Presented By O'Reilly and Cloudera
Make Data Work
31 May–1 June 2016: Training
1 June–3 June 2016: Conference
London, UK

Stream analytics in the enterprise: A look at Intel’s internal IoT implementation

Moty Fania (Intel)
17:25–18:05 Thursday, 2/06/2016
IoT & real-time
Location: Capital Suite 7
Tags: iot

Prerequisite knowledge

Attendees should have a basic understanding of relevant big data technologies and the architecture of stream analytics systems.

Description

Recent years have seen significant evolution of the Internet of Things. It has become increasingly easy to connect devices to the Internet and send sensorial data to the public cloud. However, it’s quite evident that the adoption of IoT platforms and stream analytics within the enterprise is lagging and less prevalent, due in part to companies’ lack of expertise and skills required to deploy an on-premises platform and demonstrate high value through various, real-life use cases.

Moty Fania shares Intel’s IT experience implementing an on-premises IoT platform for internal use cases. The platform was based on open source big data technologies and containers and was designed as a multitenant platform with built-in analytical capabilities. Moty highlights the key lessons learned from this journey and offers a thorough review of the platform’s architecture.

Intel IT’s goal was to allow users and organizations in Intel to gain insights and business value from real-time analytics and become more proactive. Intel deployed a platform based on several open source technologies, including Akka, Kafka, and Spark Streaming, with a full stack of algorithms such as multisensor change detection, anomaly detection, and more. Unlike other IoT analytics implementations that settle for basic statistics or make many assumptions on the collected data, Intel’s implementation includes a generic analytics layer that uses machine learning and advanced statistical tests to provide meaningful insights to users in different use cases and business domains.

Moty outlines Intel’s “smart data pipe”/stream processing framework, Pigeon, which enables stream analytics at scale.
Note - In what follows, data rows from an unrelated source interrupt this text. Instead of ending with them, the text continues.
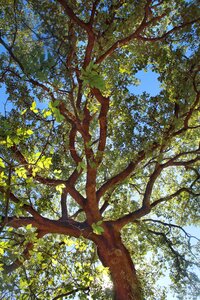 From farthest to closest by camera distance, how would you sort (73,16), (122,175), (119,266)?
(122,175), (119,266), (73,16)

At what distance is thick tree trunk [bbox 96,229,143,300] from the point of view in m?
9.27

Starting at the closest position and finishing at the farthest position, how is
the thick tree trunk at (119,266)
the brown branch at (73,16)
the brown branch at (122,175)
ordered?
the brown branch at (73,16) < the thick tree trunk at (119,266) < the brown branch at (122,175)

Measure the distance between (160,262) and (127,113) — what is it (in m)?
6.44

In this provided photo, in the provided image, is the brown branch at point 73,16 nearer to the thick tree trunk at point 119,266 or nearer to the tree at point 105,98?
the tree at point 105,98

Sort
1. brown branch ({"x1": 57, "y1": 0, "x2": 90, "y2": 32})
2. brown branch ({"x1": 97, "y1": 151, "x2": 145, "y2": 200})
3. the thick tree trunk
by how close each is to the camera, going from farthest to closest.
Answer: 1. brown branch ({"x1": 97, "y1": 151, "x2": 145, "y2": 200})
2. the thick tree trunk
3. brown branch ({"x1": 57, "y1": 0, "x2": 90, "y2": 32})

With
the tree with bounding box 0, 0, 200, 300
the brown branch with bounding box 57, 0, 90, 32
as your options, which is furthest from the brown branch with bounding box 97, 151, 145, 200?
the brown branch with bounding box 57, 0, 90, 32

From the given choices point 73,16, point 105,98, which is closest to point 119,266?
point 105,98

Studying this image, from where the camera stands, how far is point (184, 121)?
1052 centimetres

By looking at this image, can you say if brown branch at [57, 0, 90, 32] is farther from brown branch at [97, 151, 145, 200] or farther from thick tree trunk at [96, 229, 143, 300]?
thick tree trunk at [96, 229, 143, 300]

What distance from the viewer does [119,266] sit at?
9.62 metres

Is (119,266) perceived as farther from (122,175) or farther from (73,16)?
(73,16)

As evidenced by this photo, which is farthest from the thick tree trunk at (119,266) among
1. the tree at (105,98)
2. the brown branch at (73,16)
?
the brown branch at (73,16)

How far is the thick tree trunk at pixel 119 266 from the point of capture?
365 inches

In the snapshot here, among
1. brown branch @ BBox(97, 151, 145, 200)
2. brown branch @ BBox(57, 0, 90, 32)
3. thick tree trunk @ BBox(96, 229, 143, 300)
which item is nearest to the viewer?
brown branch @ BBox(57, 0, 90, 32)
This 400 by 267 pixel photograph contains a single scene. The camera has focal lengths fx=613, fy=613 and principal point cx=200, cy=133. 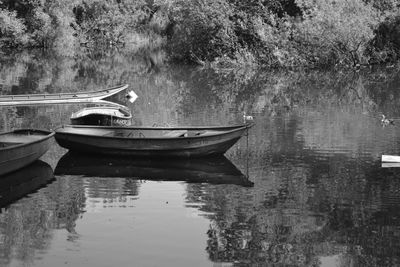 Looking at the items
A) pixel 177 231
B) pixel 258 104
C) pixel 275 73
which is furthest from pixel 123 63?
pixel 177 231

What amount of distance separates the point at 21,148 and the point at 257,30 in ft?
119

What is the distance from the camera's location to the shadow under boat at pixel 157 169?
1741 cm

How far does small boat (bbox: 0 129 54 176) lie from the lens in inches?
651

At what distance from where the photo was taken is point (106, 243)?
12.1 meters

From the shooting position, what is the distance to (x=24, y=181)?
55.0 ft

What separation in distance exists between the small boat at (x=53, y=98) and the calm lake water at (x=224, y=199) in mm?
413

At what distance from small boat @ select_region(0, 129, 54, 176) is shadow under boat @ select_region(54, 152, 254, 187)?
0.83m

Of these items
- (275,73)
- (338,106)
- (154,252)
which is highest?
(275,73)

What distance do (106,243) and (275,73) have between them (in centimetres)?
3662

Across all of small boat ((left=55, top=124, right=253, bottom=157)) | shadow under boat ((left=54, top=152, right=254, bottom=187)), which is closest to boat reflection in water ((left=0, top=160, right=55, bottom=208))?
shadow under boat ((left=54, top=152, right=254, bottom=187))

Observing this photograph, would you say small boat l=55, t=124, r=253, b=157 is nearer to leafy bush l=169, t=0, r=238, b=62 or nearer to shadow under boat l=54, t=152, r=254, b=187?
shadow under boat l=54, t=152, r=254, b=187

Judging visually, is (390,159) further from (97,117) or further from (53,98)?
(53,98)

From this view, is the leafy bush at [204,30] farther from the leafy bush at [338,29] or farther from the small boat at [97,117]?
the small boat at [97,117]

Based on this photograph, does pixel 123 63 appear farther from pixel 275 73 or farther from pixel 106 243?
pixel 106 243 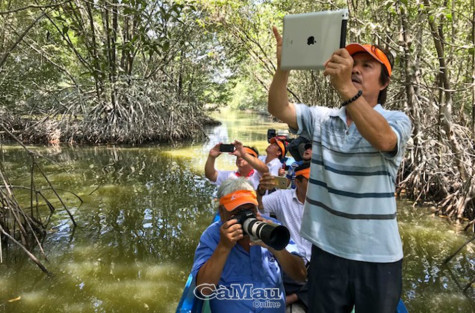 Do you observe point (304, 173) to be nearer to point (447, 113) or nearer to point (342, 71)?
point (342, 71)

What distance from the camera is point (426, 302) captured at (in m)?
3.07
Pigeon, based on Akka, implements a cluster capable of processing topologies that process the data according to any arbitrary logic determined by the users. It handles the creation of topologies, balancing them across the cluster, and allows nodes to join or leave dynamically. Pigeon is optimized to be easily deployed with Docker and Core OS and cut down development by enabling a single developer to deploy a massive real-time, elastic processing cluster with a click of a button. Spark Streaming was used to deploy self-service data monitors that allow users define their own rules and get an actuation when a certain condition is met. These user-defined rules are monitored in near-real-time on the stream.

Moty then explains how Pigeon and its analytics capabilities were applied to several use cases—both internally and externally—with interesting results. In one POC, Pigeon helped identify a fab tool causing a yield problem; in another POC it showed malfunctions of electrical network voltage sensors. Moty concludes by exploring how operational activities can be “translated” into IoT stream analytics scenarios to allow a higher level of proactivity and a shift from manual monitoring and firefighting to higher-value work.

Photo of Moty Fania

Moty Fania

Intel

Moty Fania is a principal engineer for big data analytics at Intel IT and the CTO of the Advanced Analytics Group, which delivers big data and AI solutions across Intel. With over 15 years of experience in analytics, data warehousing, and decision support solutions, Moty leads the development and architecture of various big data and AI initiatives, such as IoT systems, predictive engines, online inference systems, and more. Moty holds a bachelor’s degree in economics and computer science and a master’s degree in business administration from Ben-Gurion University.